The abolition of grades and degrees - endlessvoid94
https://medium.com/@dpaola2/the-abolition-of-grades-and-degrees-f77cdef7f158

======
xkcd-sucks
Teaching a physical science at an okay university can be a bit depressing.

Students tend to view education in purely economic terms: They pay the
university, and therefore they are entitled to "receive an education" in the
form of high grades and a degree. This does not facilitate any sort of
learning, and this problem will not be solved by getting rid of grades and
degrees.

At some point, the wheat and chaff need to be separated. Whether this is done
by employers, universities, etc. is somewhat immaterial-- But it's not likely
to be accomplished by self-reflection on the part of the students, because
(the vast majority of) students simply do not care.

Grades should be useful, and the reputation of a school should have some
bearing on the competence of its graduates.

However, grade inflation has essentially rendered grades useless. Poor grades
lead to poor faculty evaluations and endless unpleasantness. The dominant
viewpoint seems to be: Give everyone high-ish grades, and let them become
someone else's problem. Which is irresponsible and devalues the university's
degrees, but such is life.

The computer programming model of evaluating peoples' competency via open-
source contributions seems like a good idea. I wonder how this sort of thing
would work for sciences or humanities. I also wonder how to make a system of
evaluating competency immune to being gamed.

------
lutusp
Quote: "Much has been written about the devaluation of degrees and the evils
of grading in higher education. As a society, we’re clearly reeling from the
consequences (44% of college graduates are underemployed)."

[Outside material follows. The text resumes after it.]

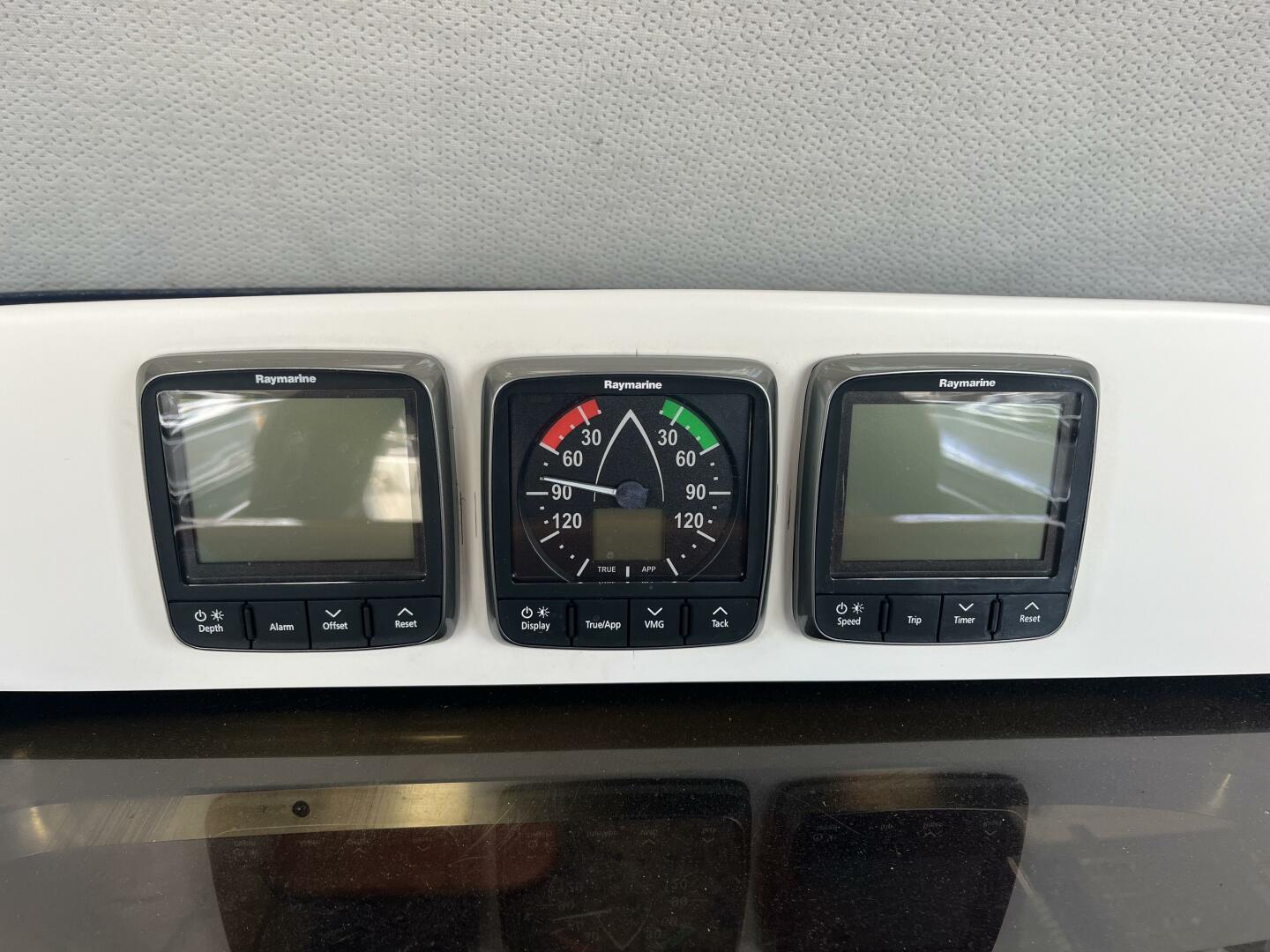 Slide: The Image of Marlow-Hunter 31 2016 - 4724770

Oh, don't bother to try to produce evidence for a cause-effect relationship
between grades and later underemployment. A few minutes' thinking about
employment and statistical principles should have made you realize that
roughly 50% of people are underemployed, for the same reason that 50% of
people are below average.

We'll be abolishing grades and degrees the same day we abolish any difference
in workplace compensation:

1\. Under the new program, a company's janitor and president will make the
same amount of money.

2\. People will say, "Wait -- why should I try to hard? What's my incentive?"

3\. A brilliant theoretician will then say, "I have a great idea! Let's reward
cleverness and productivity by giving clever, productive people more money!"